• NULLPTR (unregistered)

    var nullpointer = from null in nullptr
    from none in wtf
    where null.Id=none.Id
    select null;

  • P (unregistered)

    TRWTF is, why not use PIVOT? It's pretty much made for this purpose.

  • Eyeball (unregistered)

    Well, the result of this query can easily be imported into an Excel sheet.

  • digitrev (unregistered)

    SELECT a.Name ,b.RegisterId ,pvt.Apples ,pvt.Oranges ,pvt.Zucchini ,pvt.Other ,pvt.Apples + pvt.Oranges + pvt.Zucchini + pvt.Other as GrandTotal FROM Cashier a INNER JOIN Sale b ON a.RegisterId = b.RegisterId AND CONVERT(DATE, b.SaleDate) BETWEEN @startDate AND @endDate LEFT JOIN ( SELECT ProduceName ,ProduceId ,1 AS Cnt FROM ProduceType ) AS src PIVOT(COUNT(Cnt) FOR ProduceName IN (Apples, Oranges, Zucchini, Other)) AS pvt ON pvt.ProduceId = b.ProduceId

  • Plant (unregistered)

    As someone who used to be able to pass as a mathematician, I am disappointed in SQL every time I realize there is a solution with multiple self joins that I can't use for performance reasons.

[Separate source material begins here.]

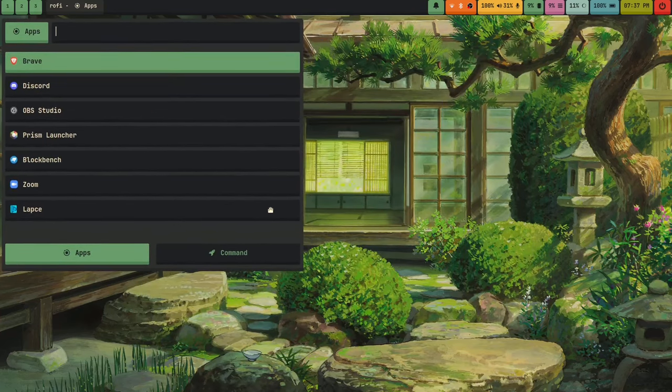I'll also link a video in the description on how to use OBS on Wayland, because there are a few steps to getting it to work. I'll link a wonderful video by Brody Robertson — the YouTube video in the YouTube description and the Odyssey video in the Odyssey description.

  • Dave Hemming (unregistered)

    Or just do a regular group by, and handle pivoting to horizontal in your display layer, as God intended.

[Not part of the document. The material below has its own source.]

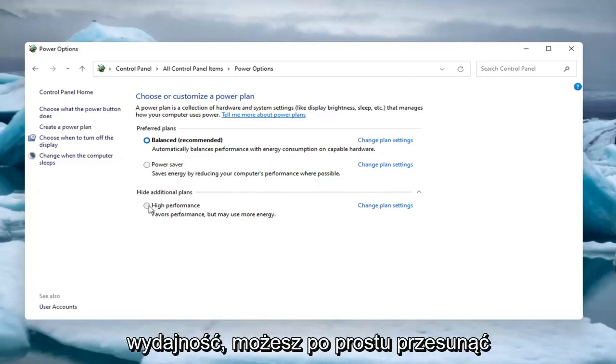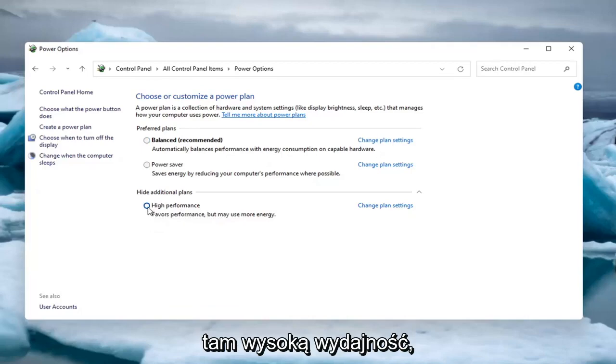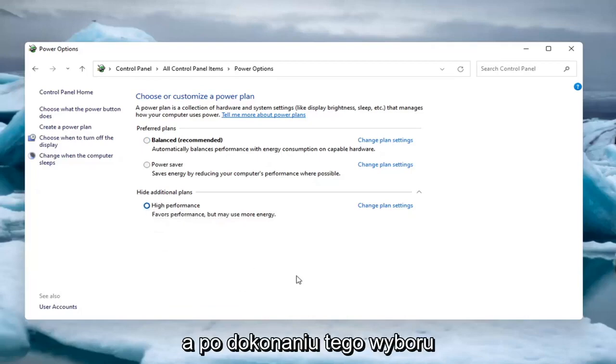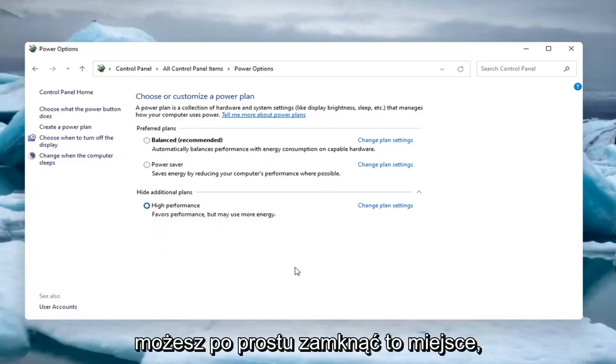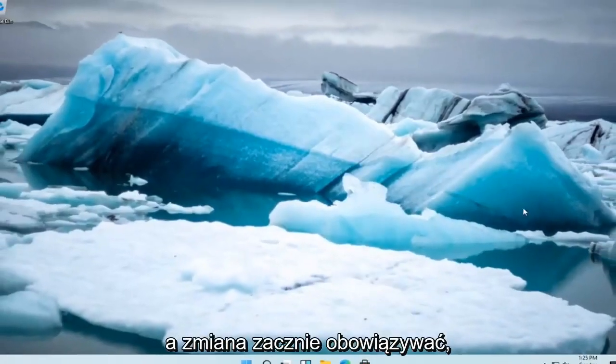If you want to set it to High Performance, just select it there. Once you've made that selection, you can close out and the change should take effect.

  • (nodebb) in reply to P

    TRWTF is, why not use PIVOT?

    Because the "SQL Expert" hasn't learned anything in twenty years.

    My first thought is... what kind of front end can run a query that returns a variable number of columns, with dynamically generated names? Pretty much only Excel, or horrible hand-written result handling. Using a standard group by and having the front end render a sensible UI is actually much easier than trying to have the database figure out the table layout.

  • (nodebb)

    Am I missing something? I don't see a self-join anywhere in that query. I see Sale joined to ProduceType way too many times, but I don't see a table joined to itself, i.e. the same table on both sides of a comparison in the ON condition.

  • Scott (unregistered)

    Another way to rephrase Wesley's question: "How does this even occur to someone?"

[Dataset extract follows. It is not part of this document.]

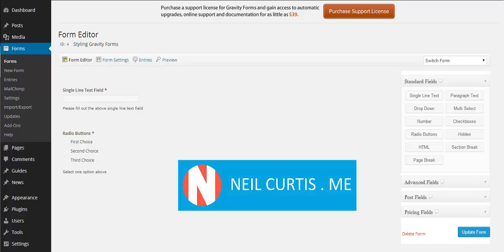Hi, I'm Neil Curtis from neilcurtis.me and this is another Gravity Forms tutorial. This time we're going to look at styling the asterisks or the required field asterisks in Gravity Forms.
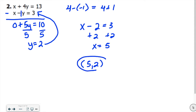Some people like elimination better than substitution. My idea is to use whatever one is easier depending on the type of problem. If you already have the opposite of each other or the same type of term, then elimination is the way to go.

    On the plus side, the names of produce never grow, and are the same world-wide, so this is good to go for eternity.

  • Raj (unregistered)

    I bet he used Excel to create all those rows. Paste the products in column A, write a skeleton query in column B, and concat them in column C. Copy, paste to repeat on all rows, and bang you get massive SQL written for you with no risk of typos. Recent versions of Excel will even suggest to do the copy for you.

    Once you master Excel-generated SQL, there's no need to know the language well, brute force is there for you.

  • WTFguy (unregistered)

    Seems like the prior DB guy was more of a vegetable than a produce(r).

  • Andrew (unregistered) in reply to Raj

    No kidding! I use Excel when I must ... which is usually never. This is crazy.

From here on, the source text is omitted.